_WORK TASK_
What's needed: every entry, printed exactly, minus the images.

_DATA_
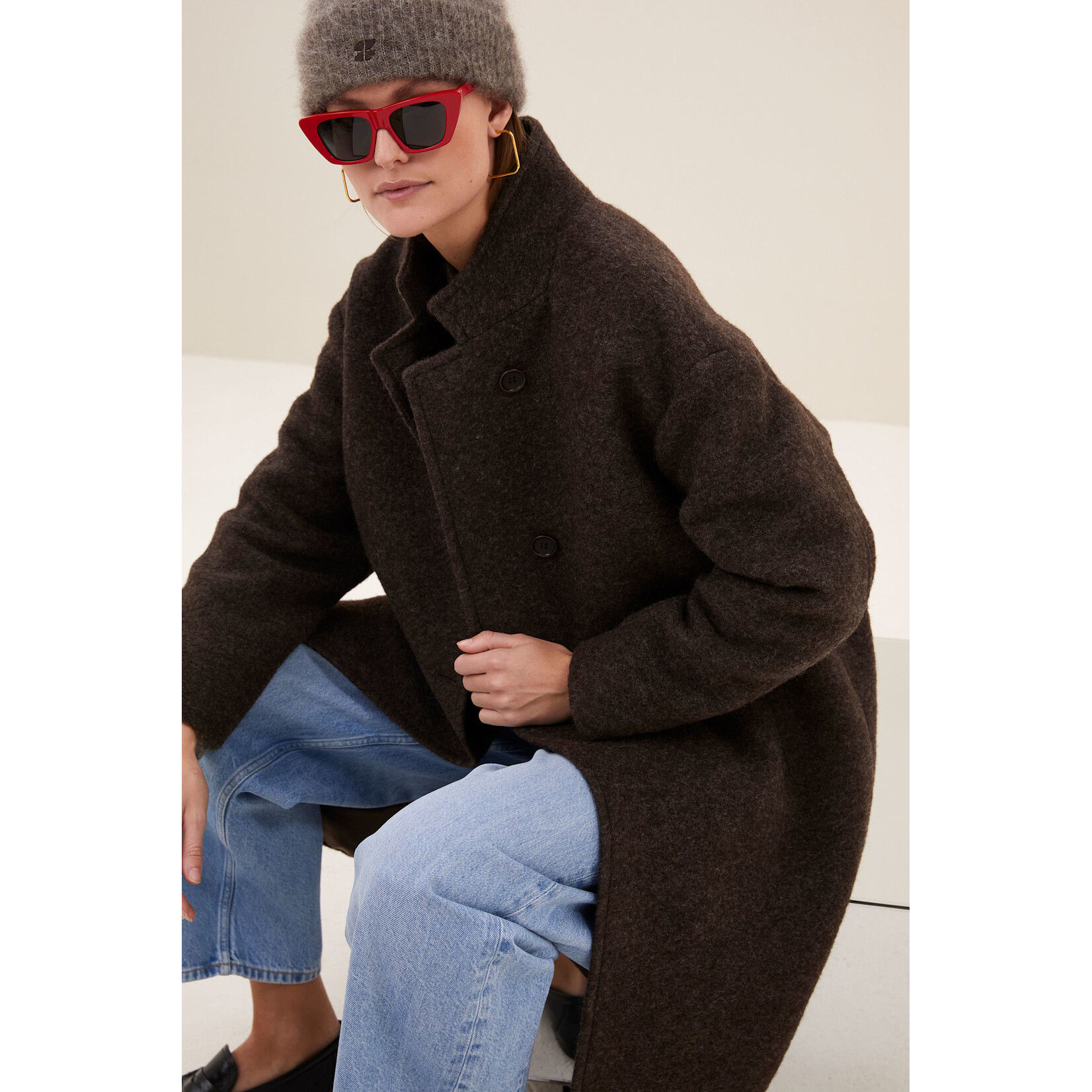 By-Bar Macy melange coat Brown melee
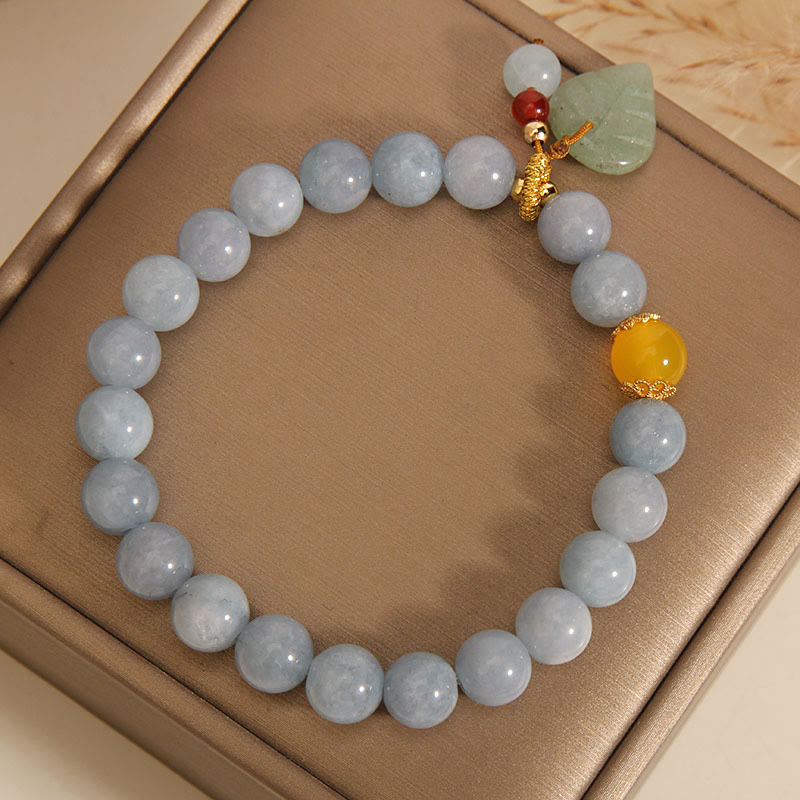 KarmaRipple's Aquamarine Jade Leaf Balancing Talisman Bracelet p8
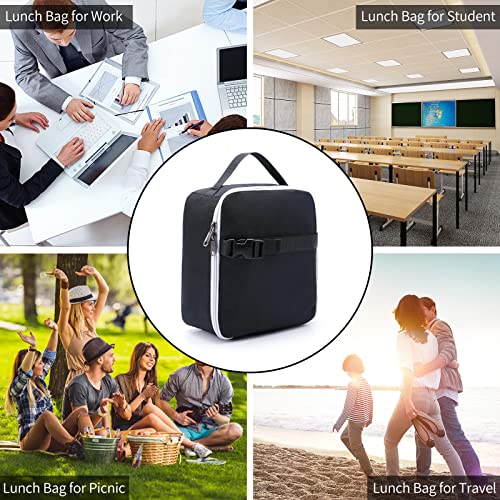 XQXA Insulated Lunch Bag - Reusable Lunch Box Thickened Thermal Soft Leakproof Lunch Tote Bag for Adult Office/Travel Picnic (Black-L)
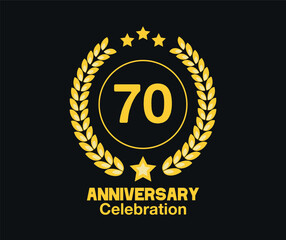 70 Years anniversary celebration. Vector luxury celebration with hoop, laurel and golden stars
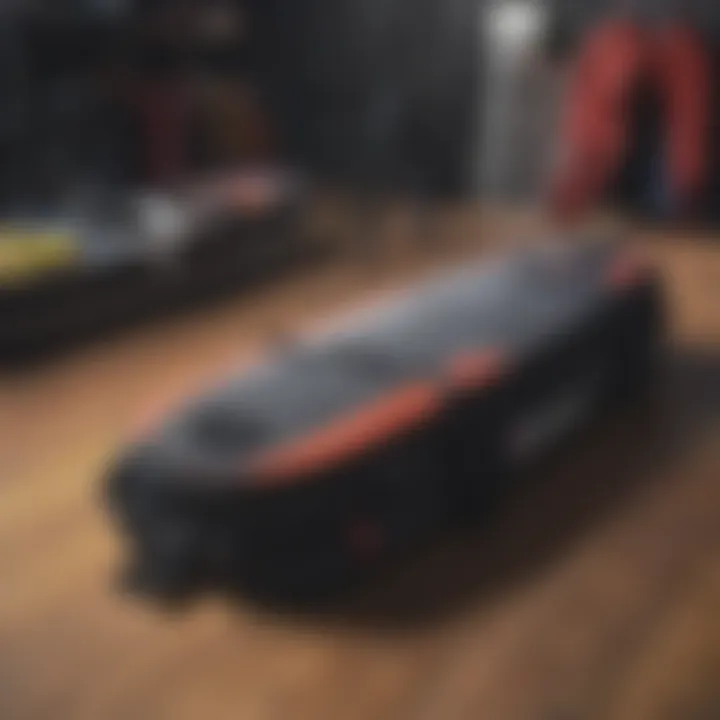 An 8 ft surfboard bag being packed for a trip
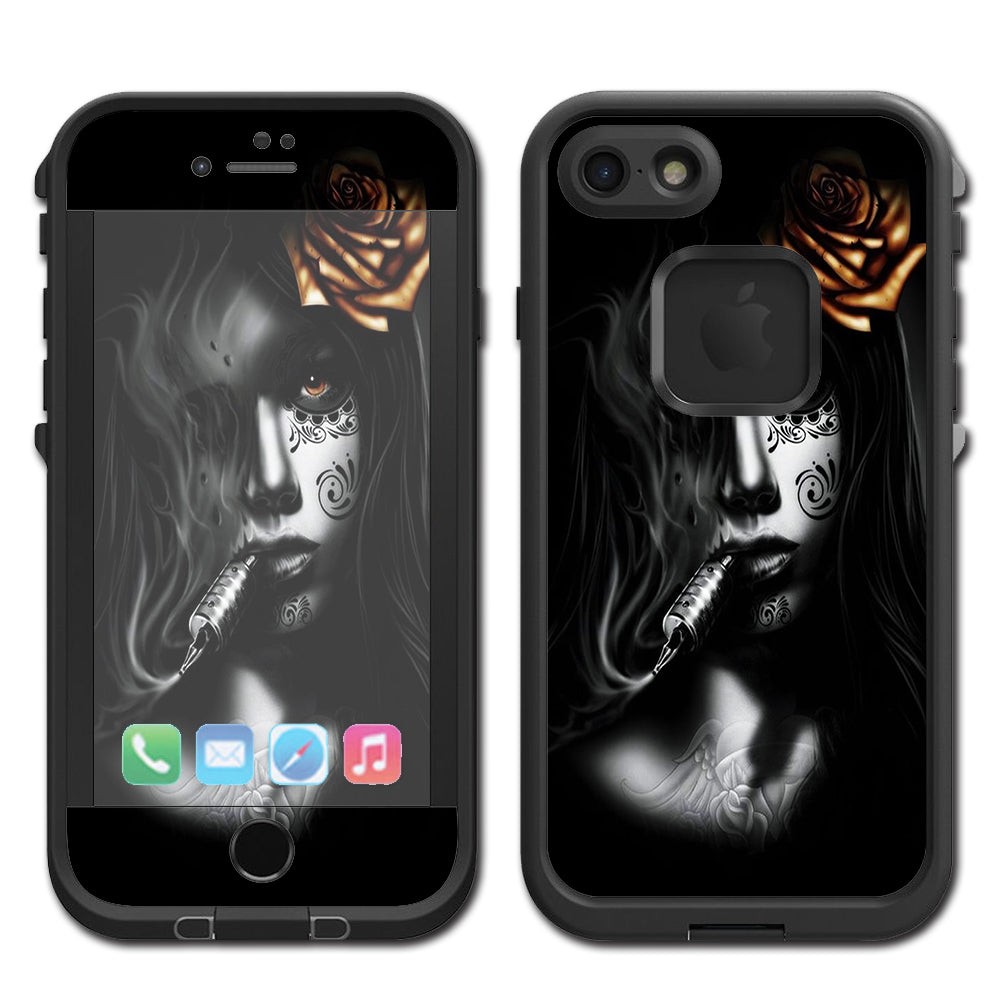  Dark Rose Tattoo Girl Lifeproof Fre iPhone 7 or iPhone 8 Skin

_SOLUTION_
 By-Bar Macy melange coat Brown melee
 KarmaRipple's Aquamarine Jade Leaf Balancing Talisman Bracelet p8
 XQXA Insulated Lunch Bag - Reusable Lunch Box Thickened Thermal Soft Leakproof Lunch Tote Bag for Adult Office/Travel Picnic (Black-L)
 70 Years anniversary celebration. Vector luxury celebration with hoop, laurel and golden stars
 An 8 ft surfboard bag being packed for a trip
  Dark Rose Tattoo Girl Lifeproof Fre iPhone 7 or iPhone 8 Skin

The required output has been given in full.